ON LINE COMMENT OF THE WEEK

The key here is to dissect the problems. Yes, White males are the wealthiest, and Blacks in general the poorest (with lower class Whites giving them a run for their money). But what are we talking about here? In my view the fortunes of lower classes in general in the US and much of the western world are diminishing, not just because of racism or bigotry, but especially because of the inordinate influence of a small group of extremely wealthy people on international trade and investment practices.
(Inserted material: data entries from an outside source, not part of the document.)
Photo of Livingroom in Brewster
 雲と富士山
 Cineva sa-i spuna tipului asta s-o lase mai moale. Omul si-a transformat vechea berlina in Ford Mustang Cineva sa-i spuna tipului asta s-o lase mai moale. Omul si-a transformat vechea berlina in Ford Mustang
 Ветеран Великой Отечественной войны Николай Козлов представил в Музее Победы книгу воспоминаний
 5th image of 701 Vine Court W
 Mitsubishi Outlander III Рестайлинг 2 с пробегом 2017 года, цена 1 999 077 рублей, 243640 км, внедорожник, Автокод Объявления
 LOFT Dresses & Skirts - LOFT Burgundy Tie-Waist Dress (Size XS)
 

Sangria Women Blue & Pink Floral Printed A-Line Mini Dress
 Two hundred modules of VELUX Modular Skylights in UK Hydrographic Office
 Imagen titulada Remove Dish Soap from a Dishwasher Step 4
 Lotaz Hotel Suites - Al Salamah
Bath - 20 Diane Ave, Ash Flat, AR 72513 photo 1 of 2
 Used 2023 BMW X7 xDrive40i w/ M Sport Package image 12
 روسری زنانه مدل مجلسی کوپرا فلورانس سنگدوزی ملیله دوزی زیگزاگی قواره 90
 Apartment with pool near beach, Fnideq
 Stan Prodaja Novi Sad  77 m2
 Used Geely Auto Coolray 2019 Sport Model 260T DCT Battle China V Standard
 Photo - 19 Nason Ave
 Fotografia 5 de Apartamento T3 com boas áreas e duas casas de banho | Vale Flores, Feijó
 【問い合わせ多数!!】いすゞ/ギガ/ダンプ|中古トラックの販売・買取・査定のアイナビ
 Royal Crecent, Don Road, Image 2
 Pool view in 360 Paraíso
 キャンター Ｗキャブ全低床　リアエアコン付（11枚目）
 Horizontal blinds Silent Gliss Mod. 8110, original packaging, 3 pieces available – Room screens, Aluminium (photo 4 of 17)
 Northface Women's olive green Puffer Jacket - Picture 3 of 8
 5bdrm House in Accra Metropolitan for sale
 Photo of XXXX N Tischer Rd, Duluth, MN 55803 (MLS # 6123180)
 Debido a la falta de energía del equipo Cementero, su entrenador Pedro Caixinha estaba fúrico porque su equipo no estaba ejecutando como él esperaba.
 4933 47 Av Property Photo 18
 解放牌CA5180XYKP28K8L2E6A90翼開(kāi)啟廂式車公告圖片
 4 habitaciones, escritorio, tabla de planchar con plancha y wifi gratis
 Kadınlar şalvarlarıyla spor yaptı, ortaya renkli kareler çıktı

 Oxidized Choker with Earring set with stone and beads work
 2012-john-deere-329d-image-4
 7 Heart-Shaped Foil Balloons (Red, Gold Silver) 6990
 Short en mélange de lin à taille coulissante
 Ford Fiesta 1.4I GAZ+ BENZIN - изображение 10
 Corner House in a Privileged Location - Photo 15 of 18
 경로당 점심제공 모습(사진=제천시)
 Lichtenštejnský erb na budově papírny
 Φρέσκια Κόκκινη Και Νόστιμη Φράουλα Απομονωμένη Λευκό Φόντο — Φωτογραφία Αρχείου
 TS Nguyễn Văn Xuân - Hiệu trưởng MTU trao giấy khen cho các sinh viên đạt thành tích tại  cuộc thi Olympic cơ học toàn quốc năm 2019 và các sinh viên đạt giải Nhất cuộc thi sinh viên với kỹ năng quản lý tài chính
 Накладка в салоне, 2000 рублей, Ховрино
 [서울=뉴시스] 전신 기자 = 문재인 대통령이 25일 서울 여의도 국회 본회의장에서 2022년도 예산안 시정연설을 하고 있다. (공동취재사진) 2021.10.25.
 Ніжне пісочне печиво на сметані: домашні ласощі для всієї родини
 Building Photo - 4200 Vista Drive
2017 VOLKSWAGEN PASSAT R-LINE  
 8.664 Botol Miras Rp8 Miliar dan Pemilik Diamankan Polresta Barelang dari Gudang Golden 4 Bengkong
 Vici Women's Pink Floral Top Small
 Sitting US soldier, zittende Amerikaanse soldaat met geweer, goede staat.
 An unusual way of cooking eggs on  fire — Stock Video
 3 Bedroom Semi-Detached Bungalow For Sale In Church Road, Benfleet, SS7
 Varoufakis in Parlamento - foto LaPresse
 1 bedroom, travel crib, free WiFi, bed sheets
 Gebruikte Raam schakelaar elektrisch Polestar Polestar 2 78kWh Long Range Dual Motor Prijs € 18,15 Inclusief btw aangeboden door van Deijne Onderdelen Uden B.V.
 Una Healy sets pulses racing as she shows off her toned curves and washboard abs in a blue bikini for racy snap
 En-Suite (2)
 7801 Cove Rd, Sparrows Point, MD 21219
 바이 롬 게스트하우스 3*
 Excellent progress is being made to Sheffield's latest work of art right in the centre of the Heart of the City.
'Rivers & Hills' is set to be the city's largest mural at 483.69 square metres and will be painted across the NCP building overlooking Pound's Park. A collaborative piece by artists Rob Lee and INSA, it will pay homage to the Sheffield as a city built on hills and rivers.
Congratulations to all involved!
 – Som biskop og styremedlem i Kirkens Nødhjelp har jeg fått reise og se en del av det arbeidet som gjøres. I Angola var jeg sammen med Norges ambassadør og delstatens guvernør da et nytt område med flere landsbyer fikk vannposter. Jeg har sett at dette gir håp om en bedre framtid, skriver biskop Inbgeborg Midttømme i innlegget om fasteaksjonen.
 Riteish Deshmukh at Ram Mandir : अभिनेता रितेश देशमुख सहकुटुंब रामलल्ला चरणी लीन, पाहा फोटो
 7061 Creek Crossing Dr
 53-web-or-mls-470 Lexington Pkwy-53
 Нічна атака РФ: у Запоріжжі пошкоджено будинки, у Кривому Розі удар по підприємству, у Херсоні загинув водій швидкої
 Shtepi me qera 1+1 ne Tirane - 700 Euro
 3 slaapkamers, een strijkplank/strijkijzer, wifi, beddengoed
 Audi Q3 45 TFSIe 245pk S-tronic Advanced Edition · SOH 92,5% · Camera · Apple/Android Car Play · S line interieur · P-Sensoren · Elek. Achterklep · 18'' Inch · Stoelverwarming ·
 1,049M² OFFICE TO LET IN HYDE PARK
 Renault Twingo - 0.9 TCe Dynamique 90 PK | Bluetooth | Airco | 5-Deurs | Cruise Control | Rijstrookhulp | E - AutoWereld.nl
And because of the stranglehold of Wall Street on Main Street. Are you complicit in your own oppression? Good question. Maybe the question can be reconfigured: do you support the neo-liberal agenda, having bought into the presentation of open borders as one of tolerance and openness to new cultures and new-comers, as an agenda of people who are superior in intellect and social attitudes. Because maybe you better have a second look at what you’re buying into.